Economy Minister Magdalena Barreiro said the government had scrambled to find alternative supplies from Venezuela after its state oil firm, Petroecuador, suspended exports in a move that has sent global oil prices shooting back up.

‘We’re going to see what the reaction is to this economic emergency,’ Barreiro told reporters.

‘We are trying to contact Venezuela to see if they can send oil to us, so we can continue exporting and maintain the most normal situation possible,’ she said.

Ecuadoran President Alfredo Palacio on Thursday announced that Petroecuador had suspended all exports of crude oil because of the protests and ‘sabotage’ against its infrastructure.

He said oil production at Petroecuador’s facilities – 35 of which have been occupied by striking workers and local protestors – had dropped from 210,000 to 30,000 barrels a day by Wednesday, and on Thursday slumped to nothing.

That is costing the country 30 million dollars a day in lost revenues, the president said.

Private companies, largely US oil majors, produce another 300,000 barrels a day. Ecuador is South America’s fifth-largest oil producer and more than half of its exports go to the United States.

There were no figures for the impact of the protest on foreign firms.

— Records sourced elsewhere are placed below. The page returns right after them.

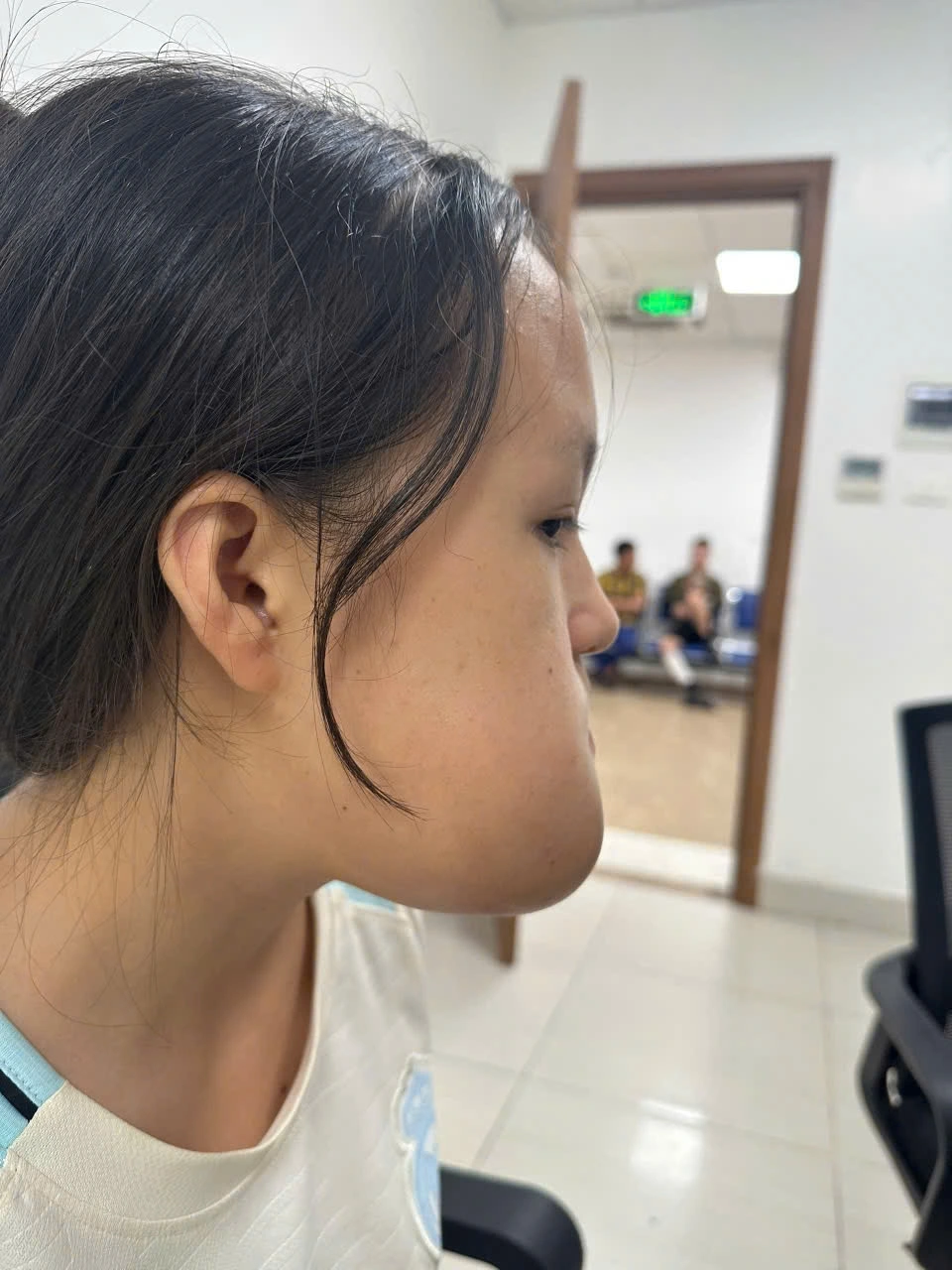 9 giờ phẫu thuật để loại bỏ khối u và tái tạo gương mặt cho bé gái vùng cao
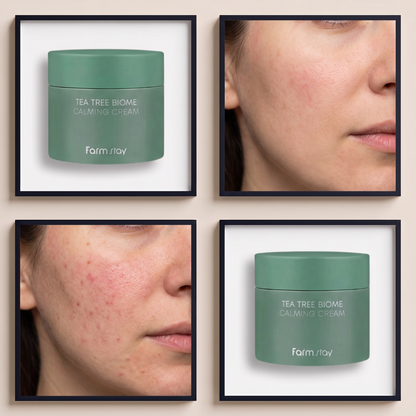 Farmstay Tea Tree Biome Calming Cream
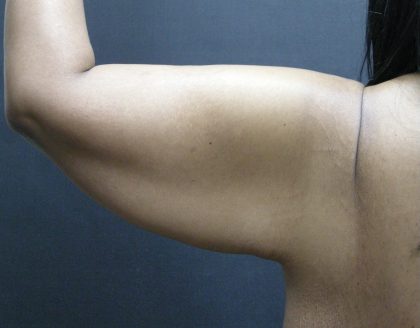 Arm Lift Before & After Patient #10813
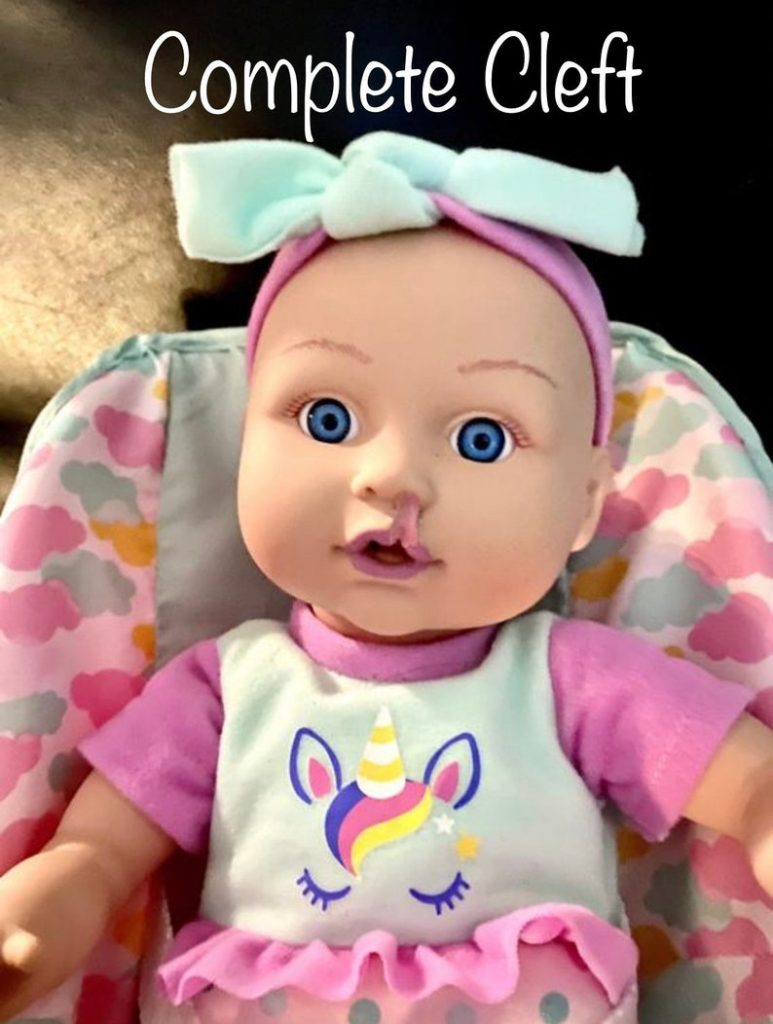 Image of vinyl baby doll with cleft lip, links to Etsy seller.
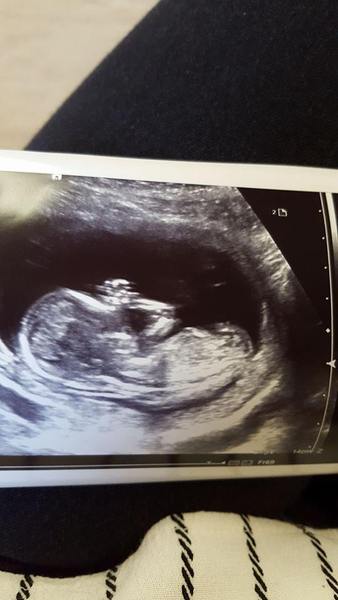 Any ideas on the sex of this baby please?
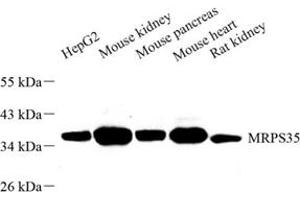 Western blot analysis of MRPS35 (ABIN7074655) at dilution of 1: 500 (MRPS35 anticorps)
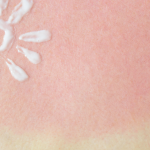 Sunburn issues PHCA Tips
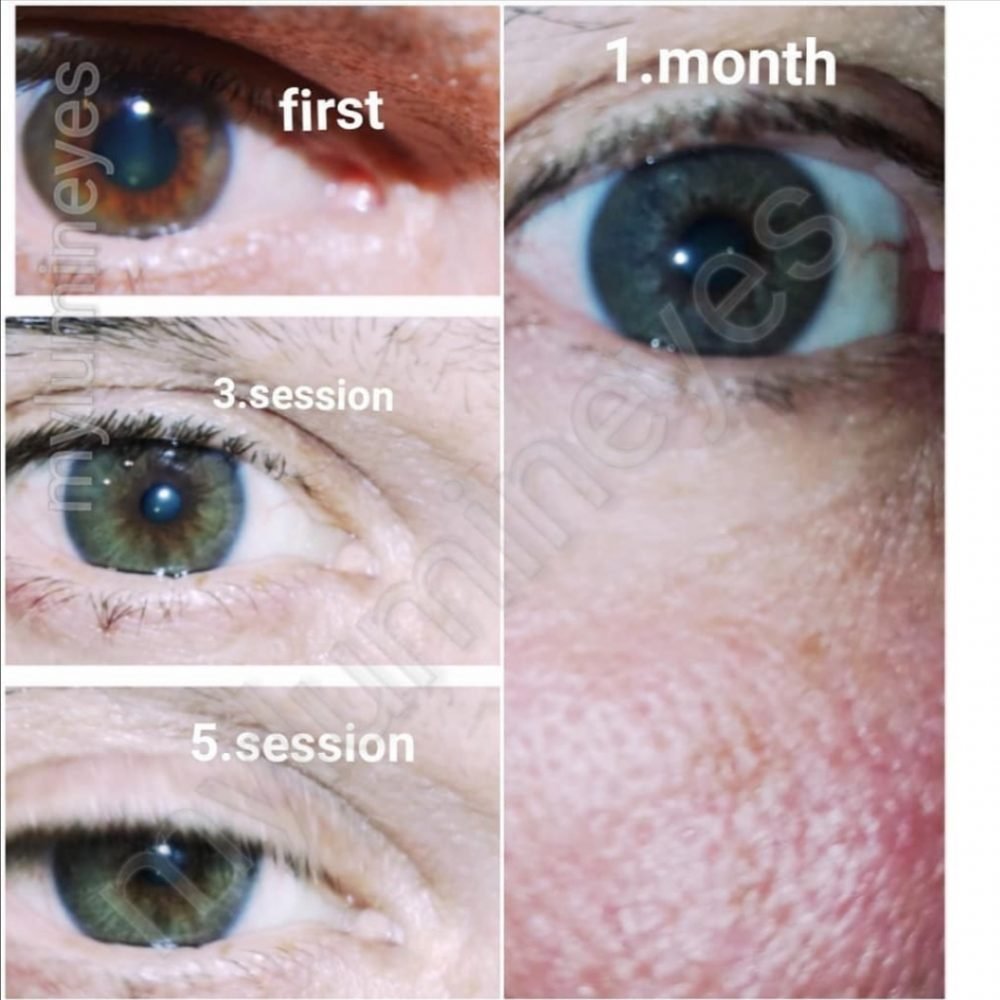 MYlumineyes Laser Eye Color Change Center Lumineyes Laser Eye Color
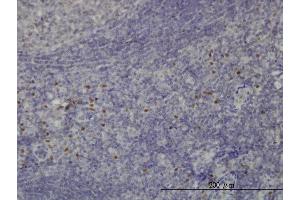 Image no. 2 for anti-Transcription Factor 12 (TCF12) (AA 364-453) antibody (ABIN563120)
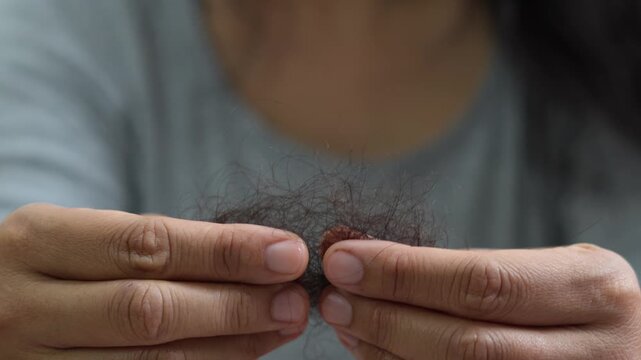 young woman her hair and have many hair loss. problem of maintenance losing by sad strain cancer patients after receiving chemotherapy. Healthcare and medical concept.	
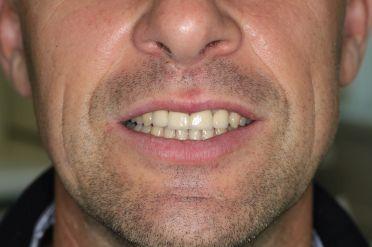 Metalokeramika - Klient 2 po zákroku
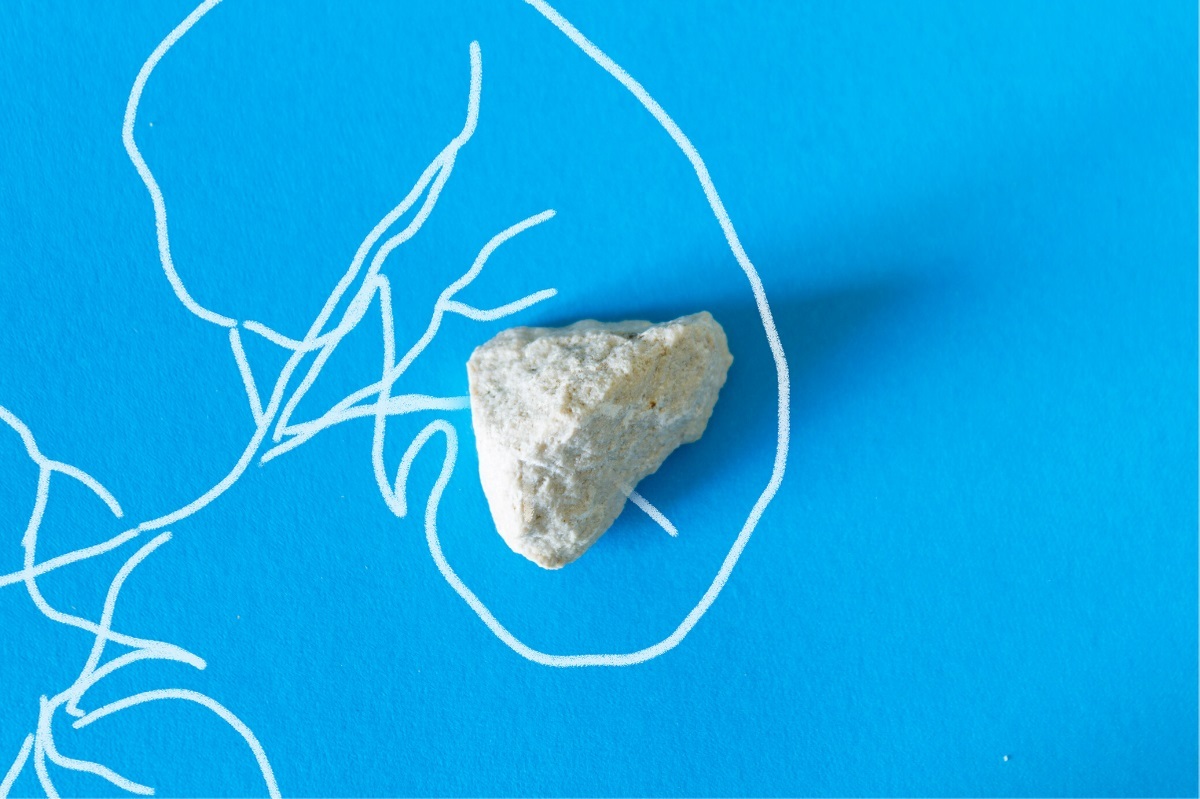 از آب لیمو تا ترکیبات طبیعی موثر برای انهدام سنگ های کلیوی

Palacio said the strike and protest movement was an ‘act of sabotage against all our people’.

‘Preventing crude oil exports at this time is shattering an economic project that profits social investment,’ he said.

The oil-rich northeastern provinces of Sucumbios and Orellana, home to 150,000 mostly indigenous people, were put under a state of emergency earlier this week. But protestors have defied a dusk-to-dawn curfew.

Clashes between demonstrators, police and military forces have injured at least 60 people, said Sucumbios Governor Guillermo Munoz.

Besides the oil facilities, protestors have occupied airports in Lago Agrio and El Coca, the capitals of Sucumbios and Orellana respectively, and have blockaded major roads in the region.

The protestors, who include government officials and lawmakers, want foreign oil companies to build 200 kilometers (125 miles) of roads in their region and to give more jobs to locals.

They also want the government to renegotiate all its contracts with foreign oil companies to demand a 50 percent share of the profits they make in Ecuador.

In addition, the protestors are demanding US oil giant Occidental Petroleum (Oxy) abandon Ecuador altogether.

The government is debating whether to cancel Oxy’s contract with Petroecuador because of its sale to Canadian firm Encana of some of its oil extracting rights without seeking approval.

Despite appeals to desist from the government, Munoz said the protest was far from over.

‘The strike is going to get tougher,’ he told AFP after a group of protest leaders met late Thursday in defiance of the curfew.

‘The national government wants the talks to take place outside our region, but they must come here and talk with us in Lago Agrio or El Coca,’ Munoz said.

The government insists it will negotiate only once the protestors stand down.

The crisis in Ecuador has sent shockwaves through the oil market, according to Dariusz Kowalczyk, a Hong Kong-based investment strategist at CFC Seymour Securities.

‘The market is concerned about short supplies and even 200,000 barrels is able to make people nervous,’ he said.